The authors range from major novelists (Eliot, Trollope, James, Stevenson) to the scintillating A. Nonymous. The dates cover 1848 to 1884. The essays are diverse but not comprehensive. A story emerges, a debate takes place. Are novels good or bad? Meaning, novels as a whole – should one waste any time reading novels – and specific novels. Perhaps Charlotte Brontë is bad for you and George Eliot is good for you. Not that this debate has entirely ended, but we know which side won. The Victorian Art of Fiction helped me see the path of the argument. . . .
The essays often work in pairs. They are chronological, so Rohan will have to tell us how that worked. George Eliot’s sly “Silly Novels by Lady Novelists” (1856) is followed by W. R. Greg’s “False Morality of Lady Novelists” (1859), who at first sounds as bad as his title, but improves. Anthony Trollope’s celebratory, even valedictory, “Novel-Reading” (1879) is followed by John Ruskin’s scathing, hilarious, utterly bonkers “Fiction – Fair and Foul” (1880), which functions in this anthology as the final scream of the “novels rot your brain” argument. And we end with Henry James and Robert Louis Stevenson civilly discussing what the novel can do (anything) and how, exactly, it can do it (now there’s the difficulty), two master craftsmen who could not take the novel more seriously. They win.

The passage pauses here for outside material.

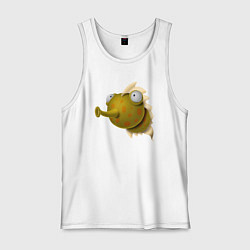 Майка мужская хлопок Забавная рыба, цвет: белый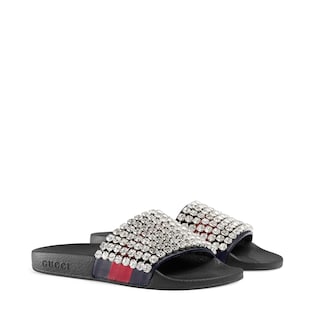 Web slide with crystals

I spent such a long time deliberating over what to include in the collection (of course, it was literally impossible to survey all the possibilities!) and then laboriously, and no doubt imperfectly, editing and annotating them, that by the time the book finally appeared in print I had lost any sense of perspective about how interesting the essays were and why, so I’m really looking forward to seeing what stands out to fresh eyes. I am glad, already, to see that the selections communicate the sense of ongoing debates–and that ‘Amateur Reader’ enjoys, as I did, the remarkable variety and often wild idiosyncrasy of the voices in them.